Could we be witnessing a transformation in the consulting industry?
Could we be witnessing a transformation in the consulting industry?
It’s always nice in this game when you float a theory and have it at least partially confirmed a couple of days later. Last week I posited that a new breed of consultancy firm fuelled by refugees from the old Big Four was beginning to compete head on with the current market leaders for high value work and talent. This new tier in the market would potentially separate off project design and management and relegate the bigger consultancies for system building, integration and outsourcing, unbundling the “design, build, run” model that’s dominated consultancy for years. The only thing I was lacking was a suitable name for this emerging strand
A couple of days later at the Top Consultant recruitment fair, Ernst & Young neatly filled the gap. I was immediately intrigued to see a Big Four firm so blatantly competing head to head with the likes of Accenture and Capgemini, and what intrigued me was how different and deliberately focused their message was. I hope to write in more detail about Ernst & Young’s re-entry in to the consulting spaced, but in a nutshell their stance is that of “trusted advisers”: remaining firmly on the client side of the table with a limited palette of services that nevertheless bring all the capabilities of an international professional services firm to bear on the client’s issues.
The question is, does this represent a decisive shift for the market, or is this just a case of firms which can no longer achieve scale in IT or outsourcing work making the best of the opportunities that are left?
The second argument is easily made: the structure of any consultancy firm, even the whole industry is usually best explained as a series of historical accidents. Even while accountancy firms were recruiting hundreds of SAP programmers in the 1990s. you never saw an IT firm buy a firm of auditors, and the pressures that saw them divest those IT assets were almost entirely external.
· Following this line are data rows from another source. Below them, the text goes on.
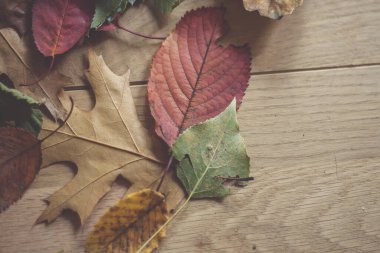 çok renkli sonbahar yaprakları ahşap bir masada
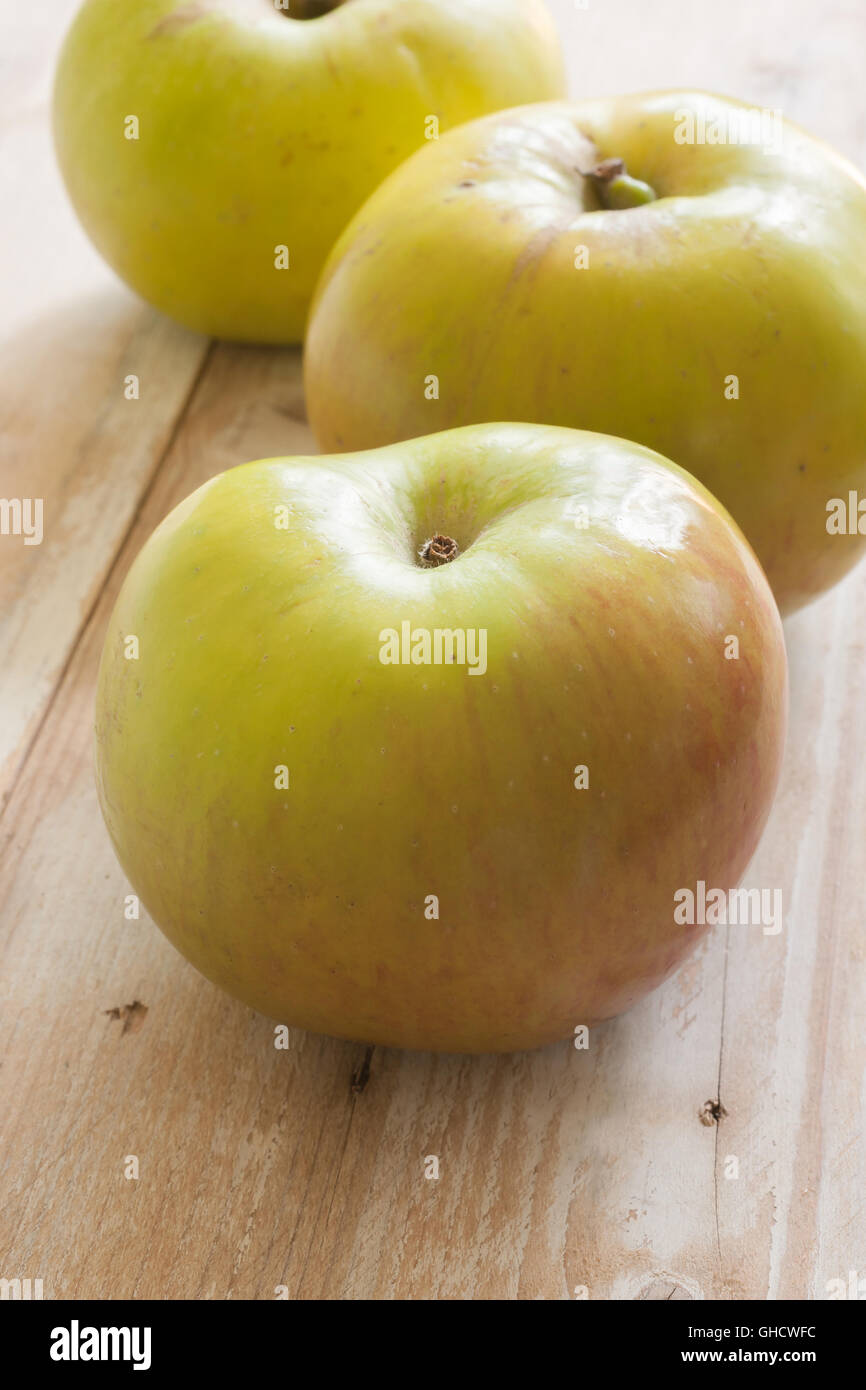 Bramley cooking apples or Malus domestica 'Bramley's Seedling' a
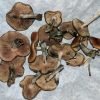Flying Saucer Mushrooms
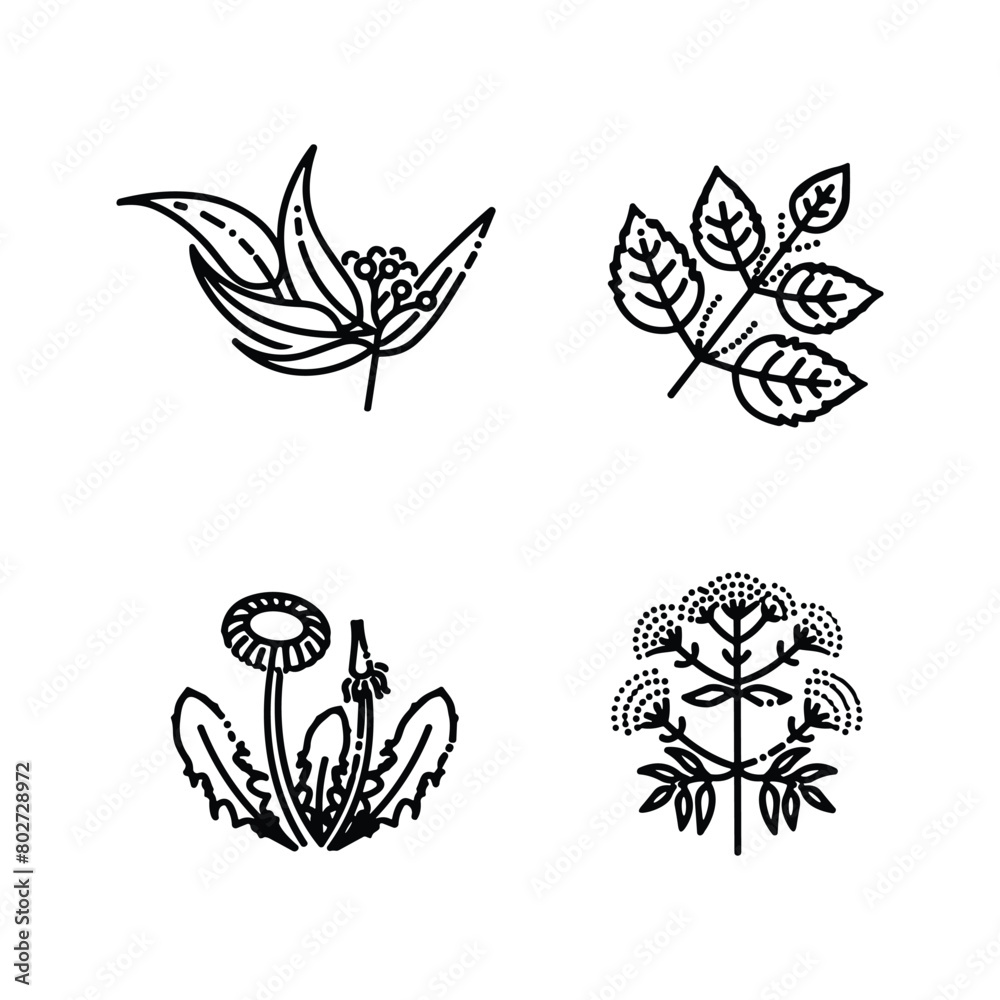 Obraz premium Icon set of flower. Editable vector pictograms isolated on a white background.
However, the period in which three of the Big Four exited the consultancy market may well represent a high-water mark in the vertical integration of the industry. At that point it was fashionable to conceive of consultancy as a river, with high-value, low-volume strategy work upstream and high-volume, low margin implementation and IT work downstream. Then the players began to encroach on each other’s territory, perhaps best symbolized by EDS’ purchase of A.T. Kearney. As that relationship now unravels, you have to ask, are the forces which pushed EDS and Kearney in opposite directions at work in other consultancies?
Note that this has very little to do with the direction any of these firms want to pursue—the migration of individual talent alone could settle the issue. Accenture and IBM, for example, have roomfuls of strategy consultants but how happy are these people with their company and personal branding? Particularly as the rest of the industry is assiduously pressing the claim that consultancy for these firms is little more than pre-sales outsourcing or systems integration work?
Client needs have also shifted. Vertical integration used to be justified by constant references to a mythical old school of consultants who wrote reports which were inevitably described as “gathering dust on the shelf”. The new paradigm of consultancy was to roll up your sleeves, do the job or even take over the process, with any doubts about conflicts of interest resolved by innovative risk/reward structures.